The title of this piece is a little misleading because I’m not going to discuss the film of this Philip Pullman novel, which starred (co-starred?) Nicole Kidman, I presume as Mrs. Coulter, the evil–whoops better not tag her here. It’s one of the book’s many surprises. I came by my reading of this book quite honestly–via my granddaughter, who lapped it up like a kitten at a milk puddle. It’s the second book this year Elizabeth has led me to (see my comments in Runemarks–Life and Death in the Underworld, March 9 ’08) this year, and she deserves my thanks.
Pullman may be striving for the epic proportions of Lord of the Rings and the popularity of Harry Potter with this first in a trilogy. Or he may be just enjoying writing fantasies for kids and hoping they sell. He falls short of the former–though The Golden Compass is no mean achievement as a piece of literature–but he’s certainly hit the latter mark with a high-selling book and a movie that will certainly be nominated for something come Oscar/Golden Globes time. I can say this despite having not seen the thing because I’ve seen the trailer, read the book, and know its blockbuster fantasy proportions. Also, there’s Kidman’s name. It’s what The Chronicles of Narnia was lacking last year. Despite good storytelling, a fine tale, and great special effects and monsters, there was no marquee name. Compass, on the other hand … but we aren’t discussing films.
Compass (Book One, the author informs us at the end of 351 adventurous pages) is the story of an orphaned girl who grows up with street kids around Oxford College because the resident scholars have no time, patience, or skill for raising children and leave her unattended most of the time. Lyra is spirited, willful, curious, a natural leader, and altogether perfect for the protagonist in a rousing story that takes us to the ends of the earth and beyond. She’s the product of a hidden past whose truth is revealed to her (and us) many times throughout the book, for nothing true is true in quite the way that it seems to be true. Pullman does a masterful job of setting her up to pursue goals that she achieves only to find out that the results are opposite of her intentions.
Everyone in the world of Compass has a “daemon” which is a flesh and blood outward expression of his/her inner self. The daemon is protean to a fault with children, then stabilizes as a person reaches adulthood. Thus, Lyra’s early benefactor, Mrs. Coulter, has a golden leopard for a daemon. Lyra’s daemon, on the other hand, changes from mouse to crow to eagle and on and on according to mood and circumstance. At the center of the book is a controversy about something called “dust”, which is somehow connected to the idea of original sin, and about which the church wants all knowledge and experimentation banned. We are in the early 20th century at times here (motorized zeppelins) and back to the middle ages at others (fears of the return of the inquisition). Pullman has not allowed himself to be chronologically tied down. He’s also invented a little soothsaying device for Lyra that operates like a complex, hand-sized ouija board combining “principles” of astrology, psychology, and “modern science”. That is, it’s your basic golden compass and will get you out of a bundle of tight spots if you happen to be a kid and happen to possess Lyra’s intuition and intelligence.

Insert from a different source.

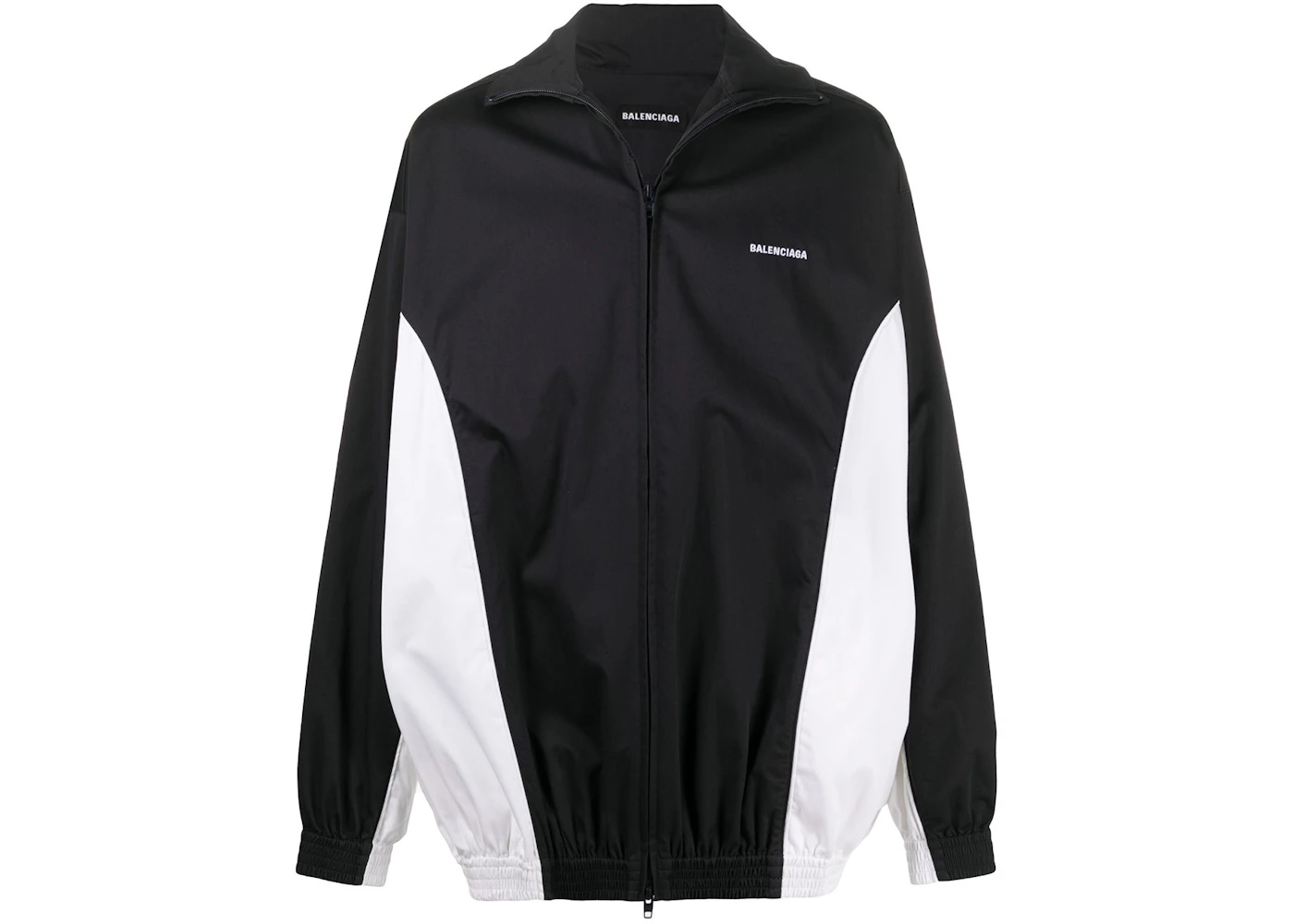 Balenciaga Logo Zip Up Windbreaker Jacket Black/White Men's US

It turns out that Lyra is a chosen being who can save the human race if she does the right thing (whatever that is) and does it without realizing she’s the chosen one. Apparently, once she discovers that she has a chosen role and starts pursuing her wishes for reasons other than her pure desire to do good, she’ll have lost her innocence at least in that regard and we’re all in for another eviction from Eden.
Pullman keeps the story well-paced, and the whole concept holds together remarkably well for as complex as it is. There are wonderful humans-kids and adults–and wonderful creatures throughout. The black and white hats get passed around quite a lot, so you’re never quite sure who’s good and who’s evil, which is what life is like, so that’s the way I like it. I can’t say this is written on the Tolkein level, but it’s certainly captivating and colorful and well worth the read.